Napisz opowiadanie " Moje sptkanie z UFO " Plis !!! na jutro :))) !

Napisz opowiadanie " Moje sptkanie z UFO " Plis !!! na jutro :))) !
Odpowiedź

Pewnej nocy, gdy wszyscy już spali, oglądałem TV. Nagle zobaczyłem błysk, skoczyłem na równe nogi, serce biło mi jak dzwon. Szybko podszedłem do okna i zauważyłem, że światło zgasło, ale dopatrzyłem się czegoś nowego na placu zabaw. Wziąłem latarkę, otworzyłem okno i zacząłem świecić w stronę nieznanego przeze mnie obiektu. Nie uwierzyłem własnym oczom! To był statek kosmiczny w kształcie sombrera!  Po chwili otworzył się właz w górnej części kapelusza. Zaczęły wylatywać z niego małe zielone stworki. Zauważyły światło z mojej latarki i rzuciły we mnie jakąś kulką, która teleportowała mnie na statek. We wnętrzu sombrera były maszyny takie jak w zwykłym laboratorium, lecz o innym przeznaczeniu. Niektóre przewidywały przyszłość, inne zaś wymazywały z pamięci niepotrzebne myśli Pozostałe były jak superszybka mikrofalówka. Można było też zamienić np. ser w ogórka i odwrotnie. Nie potrafię wymienić tych wszystkich dziwnych urządzeń. Wiele z nich otrzymałem od kosmitów w prezencie.  Nauczyłem się przepowiadać przyszłość i umiem unosić różne przedmioty.  Gdy wróciłem do domu, wydawało mi się jakby czas stał w miejscu, a więc położyłem się dalej spać. Kiedy wstałem, myślałem, że to był sen, a potem znalazłem te wszystkie przedmioty na szafce przy moim łóżku.  Zachowałem to wszystko tylko dla siebie, przecież i tak nikt by mi nie uwierzył. A ty mi wierzysz?

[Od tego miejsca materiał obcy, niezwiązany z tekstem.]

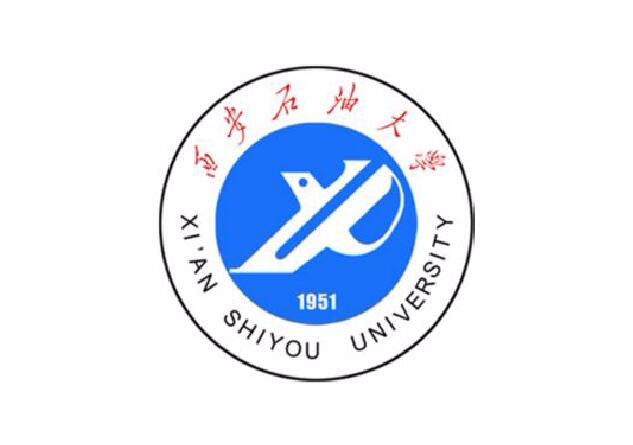 西安石油大学
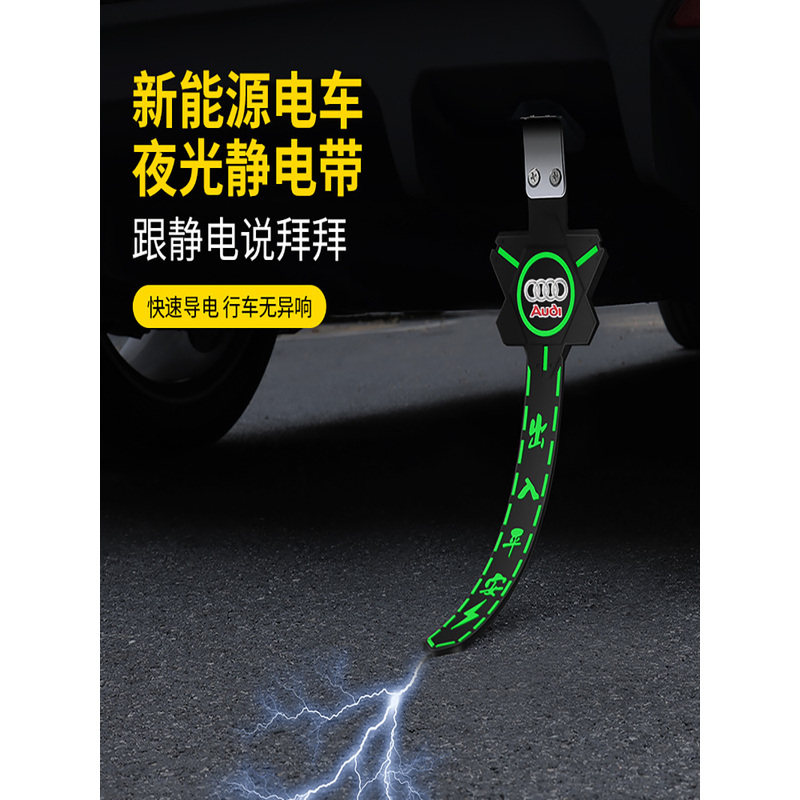 新能源电动汽车用防静电带拖地带装置耐磨悬挂式接地条消除释放器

                                             ,,Moje spotkanie z ufo'.     Kilka dni wcześniej było zakończenie roku szkolnego. Pewnego dnia wyszłem z domu i spotkałem ufo z początko wydawało mi się że to tylko sen ale potem zrozumiałem że mi to się nie śni.     Ufo było bardzo zmęczone i biało pragnienie przyniosłem mu z domu szklankę wody on nie chciał pić, przyniosłem wodę gazowaną nie chciał pić, aż w końcu przyniosłem mu sok malinowy. Wypił.Chciał jeszcze przyniosłem mu i tak 10 razy aż wkońcu skończył się sok malinowy. Poszłem do sklepu a ufo zostawiłem. Kiedy wróciłem już go nie było okazało się że ufo poszedł do sklepu kiedy wyszedłem on wszedł tak że ja go nie zauważyłem  poszedłem do sklepu, sprzedawczyni zapytała się czy to nie mój zwierzak i co on tu robi. Pani nie wiedziała że to jest ufo bo tylko tak mówiono żeby dzieci miały wyobraźnię.Ufo opróżniło cały sklep zabrałem go ze sobą i sok malinowy wypiłem sam on się obraził i poszedł do lasu.     Żałuję żę mu nie dałem tego soku obraził się i chyba już do mnie nie wróci, ale i tak cieszę się że mogłem zobaczyć ufo.